It is so hard to deal with a kid who won’t listen. You know they can hear you, but they’re choosing to not acknowledge you. The fact that they’ve decided to ignore you is the most frustrating part. While not normally stubborn kids can be a pain in the ass, it’s a totally normal phase in kids’ lives to push the boundaries and tune parents out.
“[R]ecognize that your child isn’t purposely trying to undermine you — he’s just acting his age,” says Joseph Shrand, MD, a psychiatry instructor at Harvard Medical School. Our kids aren’t trying to be assholes; they’re just hitting a developmental milestone and working their way through it. It’s frustrating, but we need to acknowledge that it’s a part of them growing up and becoming their own people.
My kid is 4. I can stand there and call his name 10 times before he looks up and acknowledges that I’m talking to him. Or if I give him a simple command, like “Please put your cup in the sink,” I have to repeat myself a million goddamn times before he actually picks up the cup and takes it into the kitchen. He will go back to his game, or stare straight ahead at the TV, or find something else to do before he just takes the damn cup to the sink.
While this is something all parents have to go through, there are a few things that seem to help sometimes:
1. Be clear with your requests.
If there is something specific you want done, be clear about it. If you’re always reminding your kid to take their shoes off when they get inside, try giving a one-word command. “Shoes,” for example is straight to the point. Also, keep the number of requests to a minimum. It’s easy to shut down when you’re feeling overwhelmed.
2. Take a step back.
If you’re not getting through to them, screaming isn’t going to make it any better. So take a step back and take a few deep breaths or leave the room to calm down. When you’re more clear-headed, you can try again.

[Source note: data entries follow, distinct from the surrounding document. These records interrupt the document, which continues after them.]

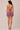 #color_mellow-mauve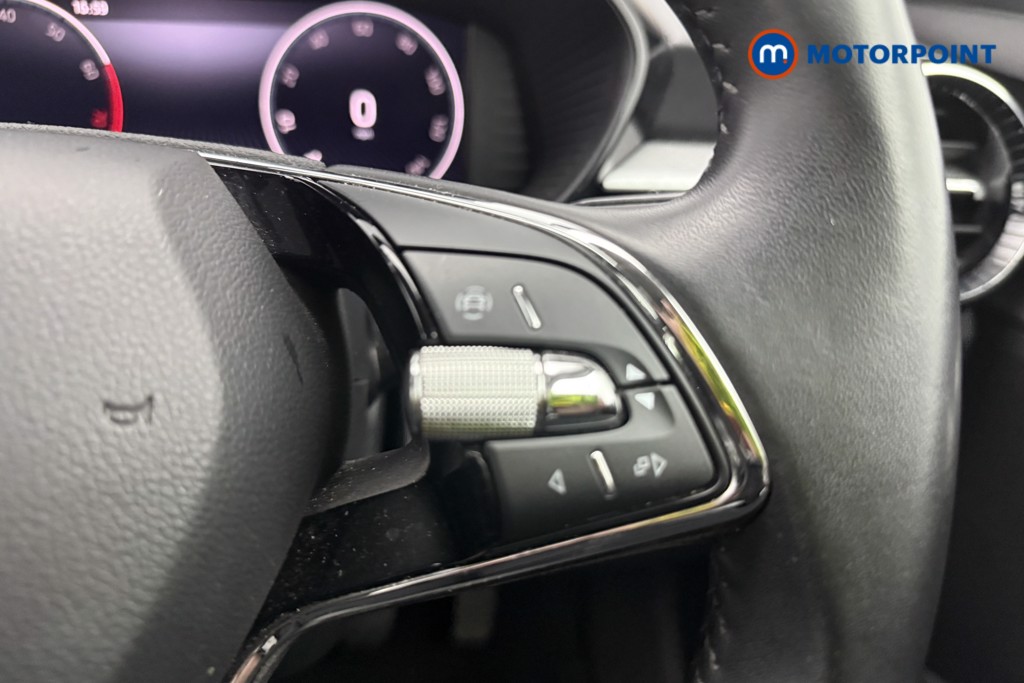 Used Skoda Fabia 2022 for sale - 76862689: Photo 22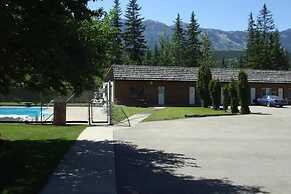 Mary's Motel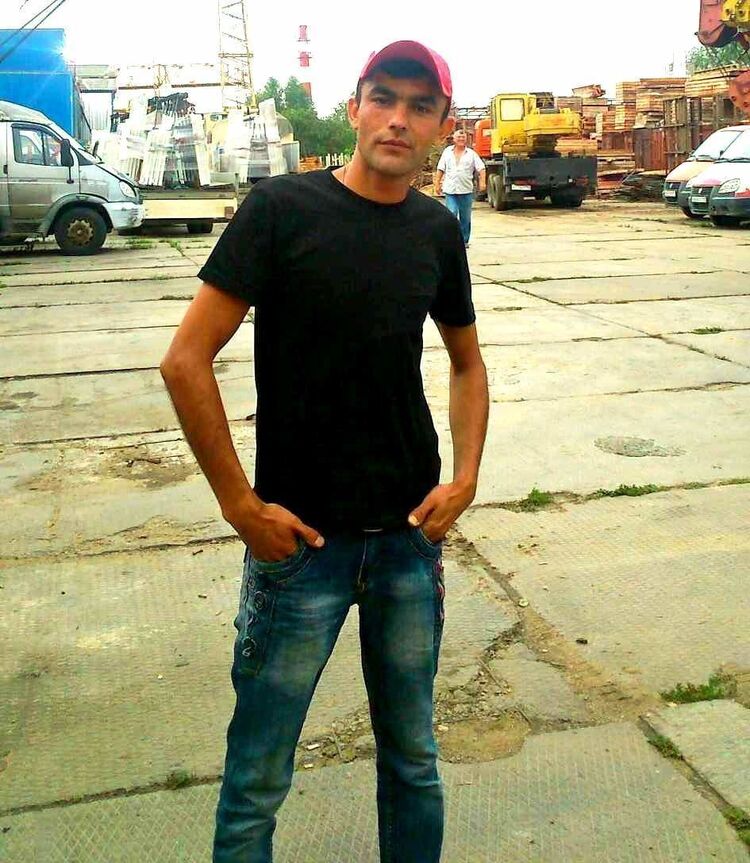  30587179  , 36 ,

3. Acknowledge their feelings.
Sometimes their reluctance to listen has little to do with the task or command you’ve given. Maybe they’re feeling frustrated or upset. Try to get to the root of their feelings. For example, if you can’t get them to put their shirt on, stop and see if there’s something wrong. I use this one with my son a lot: “Is there a reason you don’t want to put your shirt on?” Maybe it itches, or they simply want to wear something else that day. Maybe they’re feeling like you don’t listen to their wishes, so tuning you out is the best way to get your attention.
4. No threats and no bribes.
This is one can be hard, especially if you’re the queen of bribes like me. But Supernanny warns against threats and bribes for a reason, because if you bribe them once, they’re going to expect a bribe every time. And they are going to hold out until there’s something there to motivate them.
And most of the time your threats are just that — threats. If you’re going to offer some sort of discipline for not performing the task, that’s one thing. You should absolutely follow through on that. “If you don’t clear your plate after dinner, you will not get dessert” is fine, but “If you clear your plate, I’ll give you an extra popsicle” is not a great idea.
Having your kid ignore you can drive even the most patient, gentle parent to the brink. But getting yourself all worked up isn’t going to make anything better for anyone. Believe me, I know. These are just some of the most basic tools to try to help you get through, because like most things, this too shall pass. I hope.